Mongwe is in the Urungwe Safari Area between Chirundu and the famed Mana Pools Game Reserve and is tucked up against the mighty Zambezi River, our border with Zambia. Being a hunting area, the National Parks Department strictly controls access and the leaving of ones vehicle to walk is prohibited for the normal visitor on the way to and from the fishing camps. For this reason, and also to seek permission and cooperation for our confluence visit, we approached the Ranger in charge, Petros, when we booked in at Marongora, the Park's headquarters for the area. He in turn gave us a note for Ranger Batsiro at Mongwe camp, requesting him to accompany us to the Confluence.
All was set. After arriving at lunchtime on Sunday, we made camp in the one-roomed thatched cabin we had leased from friends of Hamish, launched the boats, and had a super afternoon fishing and drifting down river with sundowners in hand. As was arranged on our arrival at Mongwe, Hamish, Batsiro and I set off on our confluence hunt at 07:00 the next morning.
It didn't take long for us to make our first and only mistake, we found that we had taken the wrong road after leaving Mongwe camp, which should have taken us to a track within three kilometres of the Confluence. We ended up doing a long loop and only arriving at the desired point an hour later. The track on the 1:50,000 map which would have taken us to within 500 metres of the Confluence was found to be impassable by motor vehicle and was probably an old elephant track picked up from the aerial photo by the map makers. We drove on another half a km, parked and set out on foot for the now two and a half km (as the crow flies) walk to the Confluence. I should mention here that Hamish is a learned Professional Hunter, having passed various exams and practical training, he is just waiting to complete his bag, final exam and proficiency test. With a PH in front and Ranger Batsiro behind, I felt quite safe traipsing through the three km (crows don't have to negotiate dry river beds, ridges and skirt around thick bush) of Mopani trees in their winter state of undress, Combretum in full leaf and, fortunately, not too much Jesse bush.
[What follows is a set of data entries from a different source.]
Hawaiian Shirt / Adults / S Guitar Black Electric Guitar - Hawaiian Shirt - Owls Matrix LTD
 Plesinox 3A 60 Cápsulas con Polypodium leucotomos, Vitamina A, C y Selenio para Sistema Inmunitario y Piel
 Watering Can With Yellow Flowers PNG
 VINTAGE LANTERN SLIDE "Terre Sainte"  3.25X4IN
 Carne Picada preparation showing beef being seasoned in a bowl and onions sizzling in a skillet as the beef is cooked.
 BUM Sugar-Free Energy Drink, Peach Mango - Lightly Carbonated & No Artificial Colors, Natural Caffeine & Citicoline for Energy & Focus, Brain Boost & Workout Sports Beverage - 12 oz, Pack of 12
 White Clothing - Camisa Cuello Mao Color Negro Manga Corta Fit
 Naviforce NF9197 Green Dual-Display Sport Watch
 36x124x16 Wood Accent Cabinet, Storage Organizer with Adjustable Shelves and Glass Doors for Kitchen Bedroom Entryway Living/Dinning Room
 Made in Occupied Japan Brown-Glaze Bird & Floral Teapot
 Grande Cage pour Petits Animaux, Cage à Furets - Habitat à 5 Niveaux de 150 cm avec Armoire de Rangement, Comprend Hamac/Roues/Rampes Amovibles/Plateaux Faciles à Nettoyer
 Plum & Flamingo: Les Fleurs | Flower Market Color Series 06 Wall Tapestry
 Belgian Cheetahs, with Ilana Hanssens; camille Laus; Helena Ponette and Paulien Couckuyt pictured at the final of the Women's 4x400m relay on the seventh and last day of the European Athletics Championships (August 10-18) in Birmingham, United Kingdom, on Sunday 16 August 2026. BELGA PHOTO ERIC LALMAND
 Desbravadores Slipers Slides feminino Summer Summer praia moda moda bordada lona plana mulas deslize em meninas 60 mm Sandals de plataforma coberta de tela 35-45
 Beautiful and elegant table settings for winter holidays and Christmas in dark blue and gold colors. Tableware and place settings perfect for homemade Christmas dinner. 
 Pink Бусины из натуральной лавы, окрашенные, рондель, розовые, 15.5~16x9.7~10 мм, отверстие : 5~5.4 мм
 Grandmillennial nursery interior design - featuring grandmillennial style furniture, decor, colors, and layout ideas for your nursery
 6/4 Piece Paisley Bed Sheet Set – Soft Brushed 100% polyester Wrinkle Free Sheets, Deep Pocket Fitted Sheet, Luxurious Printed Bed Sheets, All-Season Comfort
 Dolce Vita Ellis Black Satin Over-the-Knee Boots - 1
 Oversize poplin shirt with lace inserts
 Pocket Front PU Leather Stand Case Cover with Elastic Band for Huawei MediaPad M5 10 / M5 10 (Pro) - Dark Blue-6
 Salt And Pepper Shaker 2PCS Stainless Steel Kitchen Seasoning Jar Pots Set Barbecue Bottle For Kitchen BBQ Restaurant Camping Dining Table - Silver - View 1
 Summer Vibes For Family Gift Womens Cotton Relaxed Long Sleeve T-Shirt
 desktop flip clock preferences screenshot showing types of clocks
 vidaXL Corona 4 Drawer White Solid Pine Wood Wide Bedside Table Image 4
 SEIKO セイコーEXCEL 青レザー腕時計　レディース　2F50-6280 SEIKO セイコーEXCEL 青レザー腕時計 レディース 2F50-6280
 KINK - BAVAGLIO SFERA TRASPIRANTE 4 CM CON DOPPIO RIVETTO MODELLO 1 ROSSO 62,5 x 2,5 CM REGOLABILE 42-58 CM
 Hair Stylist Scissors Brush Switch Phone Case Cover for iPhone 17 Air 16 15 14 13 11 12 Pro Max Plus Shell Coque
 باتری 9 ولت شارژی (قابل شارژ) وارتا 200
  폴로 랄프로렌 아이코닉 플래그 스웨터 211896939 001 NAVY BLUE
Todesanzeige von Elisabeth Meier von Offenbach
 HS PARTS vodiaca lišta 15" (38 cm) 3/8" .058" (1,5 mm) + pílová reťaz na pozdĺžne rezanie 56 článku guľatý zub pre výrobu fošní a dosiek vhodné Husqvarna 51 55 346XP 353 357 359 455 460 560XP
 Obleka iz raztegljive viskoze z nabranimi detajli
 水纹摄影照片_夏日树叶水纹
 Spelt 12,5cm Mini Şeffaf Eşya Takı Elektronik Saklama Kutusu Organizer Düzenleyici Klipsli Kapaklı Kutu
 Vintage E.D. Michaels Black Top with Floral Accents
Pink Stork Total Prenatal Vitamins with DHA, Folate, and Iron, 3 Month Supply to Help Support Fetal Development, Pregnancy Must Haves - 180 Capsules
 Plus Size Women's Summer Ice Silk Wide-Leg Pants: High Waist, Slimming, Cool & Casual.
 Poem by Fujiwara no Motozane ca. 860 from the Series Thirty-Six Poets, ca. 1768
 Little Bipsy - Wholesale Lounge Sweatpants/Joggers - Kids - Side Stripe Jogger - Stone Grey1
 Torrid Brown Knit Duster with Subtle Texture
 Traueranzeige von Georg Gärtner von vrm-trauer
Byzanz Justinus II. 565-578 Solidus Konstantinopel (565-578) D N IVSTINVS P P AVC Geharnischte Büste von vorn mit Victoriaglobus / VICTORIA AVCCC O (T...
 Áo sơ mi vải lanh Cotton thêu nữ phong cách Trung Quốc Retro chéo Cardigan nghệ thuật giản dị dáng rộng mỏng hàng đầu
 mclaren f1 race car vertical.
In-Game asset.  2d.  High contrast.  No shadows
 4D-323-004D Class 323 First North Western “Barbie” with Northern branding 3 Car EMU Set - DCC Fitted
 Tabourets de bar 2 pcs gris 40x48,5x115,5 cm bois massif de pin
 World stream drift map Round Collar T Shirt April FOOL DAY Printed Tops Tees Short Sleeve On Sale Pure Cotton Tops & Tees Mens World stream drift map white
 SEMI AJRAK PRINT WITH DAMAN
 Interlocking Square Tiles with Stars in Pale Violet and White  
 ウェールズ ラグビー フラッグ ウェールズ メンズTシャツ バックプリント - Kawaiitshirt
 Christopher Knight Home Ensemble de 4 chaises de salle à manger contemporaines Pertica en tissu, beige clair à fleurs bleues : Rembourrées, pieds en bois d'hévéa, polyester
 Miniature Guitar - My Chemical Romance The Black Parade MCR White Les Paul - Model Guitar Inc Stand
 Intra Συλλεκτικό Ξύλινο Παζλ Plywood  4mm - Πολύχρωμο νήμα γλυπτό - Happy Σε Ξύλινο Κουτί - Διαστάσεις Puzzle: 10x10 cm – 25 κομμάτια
With tracks of elephant, buffalo and leopard very much in evidence, I was quite relieved only to have seen a few impala, plenty of birds and a couple of kudu cows on the 45 minute walk to the site. As we drew closer, we found many inlets to the dry Mongwe River, which we had to negotiate. On the way out, we took a fairly wide excursion to the east to avoid all the climbing in and out of dongas. The site itself was on the edge of the steep north/eastern bank of the Mongwe River in a slight depression between two trees. We found the zeros on the GPS, took pictures and relaxed for about half an hour before making our way back to the car. Now that we were on the right road, it was only about twenty minutes back to the camp on the banks of the Zambezi where we arrived at 10:39 and had a hearty breakfast prepared by Julie and Clare.
On a previous confluence visit, I made reference to the usefulness of sons in law; I stand by what I said and thank Hamish for his tremendous knowledge, support and companionship. I also thank Batsiro for the fantastic assistance; assistance that I am becoming accustomed to from the Parks' personnel. With quite a few more confluence sites in our National Parks, I am somewhat surprised that no one else has 'been there and done that'.
This confluence walk, together with the rest of the four days of fishing and just enjoying the Zimbabwean bush, the mighty Zambezi and the wonderful company of family and friends was truly a magnificent experience!